Varsity Booze:
The Price of Partying

I don’t pay to go to parties. It’s a principle of mine. Don’t think I’m stingy though– I’ll pay to go to concerts, movies, clubs, even escape rooms. But they all have something in common: amenities beyond the opportunity to see the inside of the apartment of a college student I’m not on a first-name basis with, and a single keg of beer (if that– flyers for paid parties are notorious for having “BYOB” right below the cover charge).

If I know ahead of time, I won’t go out of my way to a party that’s charging to stand in the shared space of a two-bedroom apartment. But sometimes they surprise you at the door with a Political Science major demanding a tax to get through the door (they must be on the oligarchy unit in class). And so begins the standoff: casing the party as best you can from the other side of the security guard. He’s also on the intramural rugby team so he has wide shoulders.
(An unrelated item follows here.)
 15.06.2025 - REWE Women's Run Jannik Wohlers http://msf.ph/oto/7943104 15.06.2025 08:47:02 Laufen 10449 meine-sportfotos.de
Alone, I am perfectly content to turn around and find something else to keep myself occupied for the night. My paint chips need to be counted, after all. But with a group it becomes a democratic issue. All cast their votes and must go with the majority. My personal convictions won’t sway the majority. Instead I will be cast out, alone in a lifeboat for my attempt at a mutiny.

The most recent instance of a party like this was a birthday celebration that a roommate of a friend had heard about. We’re stopped by a throng of girls in lingerie: the entry fee is five dollars. I wish they’d told me about the theme beforehand. I love their outfits.

The flattery doesn’t work. I still need to pay the full five dollars. I’m alright with my night ending early. As I bid my friends goodbye on the stoop, one of the door girls says “And don’t forget to say Happy Birthday to the birthday girl!” My friends nod. They’ll be on the lookout for this mystery woman. They needn’t look far. She steps forward from the other bouncers. I didn’t expect it to be her– nobody of sound mind would choose to work the door at their own birthday party. And the entrance fees were slipped into a different person’s bra. She wasn’t making any money off of this venture anyway.

What kind of person wants to forgo a party itself and do the grunt work job people are normally relegated to as a punishment? Let’s not forget that it’s the pledges that have to work these jobs for the first year of their miserable descent into fraternity life. I think it’s born from a craving for power: the feel of money being exchanged between hands, the excitement on their faces when you let them up, the whole time thinking “These people are here to see me.” (well, not actually. Something you created: a space to gather by moving a couch with the impeccable ambience of purple LED lighting).

It’s a little bit like a pyramid scheme: get a lot of paying customers who bring other customers. The people who get in early get to experience what little amenities were bought with the profits from the last party, and the poor saps who bought in late just get to say that they were a part of something bigger than themselves, at least. Who cares! They’re at the bottom of the pyramid!